Suggest a range check

Usage

write_pos_check(d, vars = names(d), only_positive = TRUE, file = stdout())

suggest_pos_check(d, vars = names(d), only_positive = TRUE)

Arguments

d

data.frame, used to generate the checks

vars

character optionally the subset of variables to be used.

only_positive

if TRUE only numerical values for positive values are included

file

file to which the checks will be written to.

Value

suggest_pos_check returns validate::validator() object with the suggested rules. write_pos_check write the rules to file and returns invisibly a named list of checks for each variable.

Examples

data(SBS2000, package="validate")

suggest_range_check(SBS2000)

# checks the ranges of each variable
suggest_range_check(SBS2000[-1], min=TRUE, max=TRUE)
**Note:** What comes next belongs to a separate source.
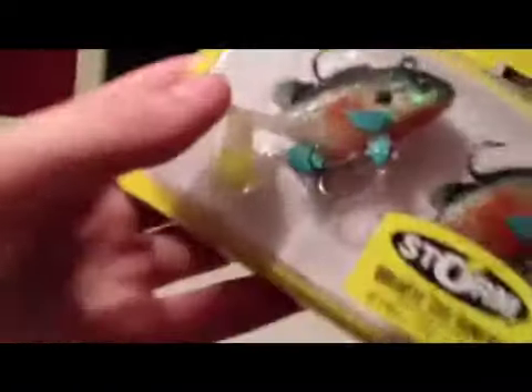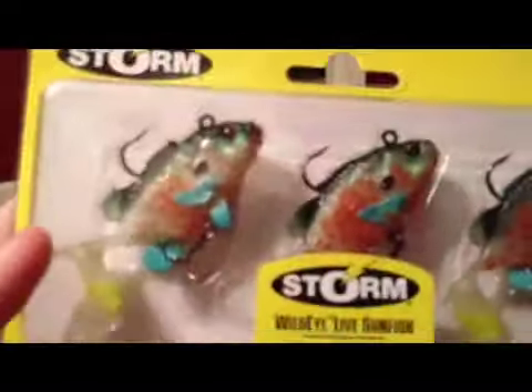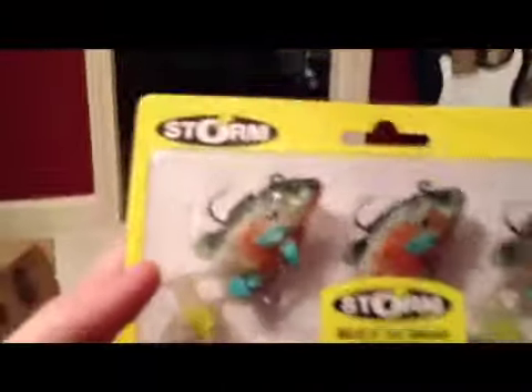Next, some Storm swimbaits — these are the Wild Eye Live Sunfish. They look just like a sunfish with a blue tail, yellow tail, and a nice green fin, with preset hooks. They look really nice and they're two inches.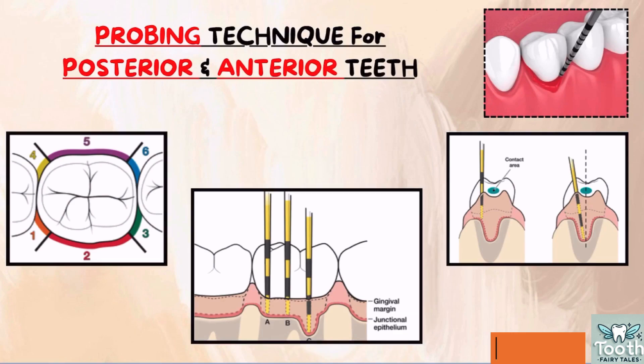Welcome back to the lecture series on periodontics. In this video, probing technique for anterior and posterior teeth will be demonstrated. Before going into the demonstration, let us understand what walking strokes are. Walking strokes are the movements made with the periodontal probe as it is gently moved along the base of the gingival sulcus or a periodontal pocket. These strokes allow us to assess the depth of the sulcus and identify areas of periodontal concern.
# checks the ranges of each variable
suggest_range_check(SBS2000, vars=c("turnover", "other.rev"), min=FALSE, max=TRUE)

Suggest a range check

Description

Suggest a range check

Usage

write_range_check(d, vars = names(d), min = TRUE, max = FALSE, file = stdout())

suggest_range_check(d, vars = names(d), min = TRUE, max = FALSE)

Arguments

d

data.frame, used to generate the checks

vars

character optionally the subset of variables to be used.

min

TRUE or FALSE, should the minimum value be checked?

max

TRUE or FALSE, should the maximum value be checked?

file

file to which the checks will be written to.

Value

suggest_range_check returns validate::validator() object with the suggested rules. write_range_check write the rules to file and returns invisibly a named list of ranges for each variable.

Examples

data(SBS2000, package="validate")

suggest_range_check(SBS2000)

# checks the ranges of each variable
suggest_range_check(SBS2000[-1], min=TRUE, max=TRUE)

# checks the ranges of each variable
suggest_range_check(SBS2000, vars=c("turnover", "other.rev"), min=FALSE, max=TRUE)

Suggest ratio checks

Description

Suggest ratio checks

Usage

write_ratio_check(
  d,
  vars = names(d),
  file = stdout(),
  lin_cor = 0.95,
  digits = 2
)

suggest_ratio_check(d, vars = names(d), lin_cor = 0.95, digits = 2)

Arguments

d

data.frame, used to generate the checks

vars

character optionally the subset of variables to be used.

file

file to which the checks will be written to.

lin_cor

threshold for abs correlation to be included (details)

digits

number of digits for rounding

Value

suggest_ratio_check returns validate::validator() object with the suggested rules. write_ratio_check write the rules to file and returns invisibly a named list of check for each variable.

Examples

data(SBS2000, package="validate")

# generates upper and lower checks for the
# ratio of two variables if their correlation is
# bigger then `lin_cor`
suggest_ratio_check(SBS2000, lin_cor=0.98)

suggest type check

Description

suggest type check

Usage

write_type_check(d, vars = names(d), file = stdout())

suggest_type_check(d, vars = names(d))

Arguments

d

data.frame, used to generate the checks

vars

character optionally the subset of variables to be used.

file

file to which the checks will be written to.

Value

suggest_type_check returns validate::validator() object with the suggested rules. write_type_check write the rules to file and returns invisibly a named list of types for each variable.


Suggest range checks

Description

Suggest range checks

Usage

write_unique_check(d, vars = names(d), file = stdout(), fraction = 0.95)

suggest_unique_check(d, vars = names(d), fraction = 0.95)

Arguments

d

data.frame, used to generate the checks

vars

character optionally the subset of variables to be used.

file

file to which the checks will be written to.

fraction

if values in a column > fraction unique, the check will be generated.

Value

suggest_unique_check returns validate::validator() object with the suggested rules. write_unique_check write the rules to file and returns invisibly a named list of checks for each variable.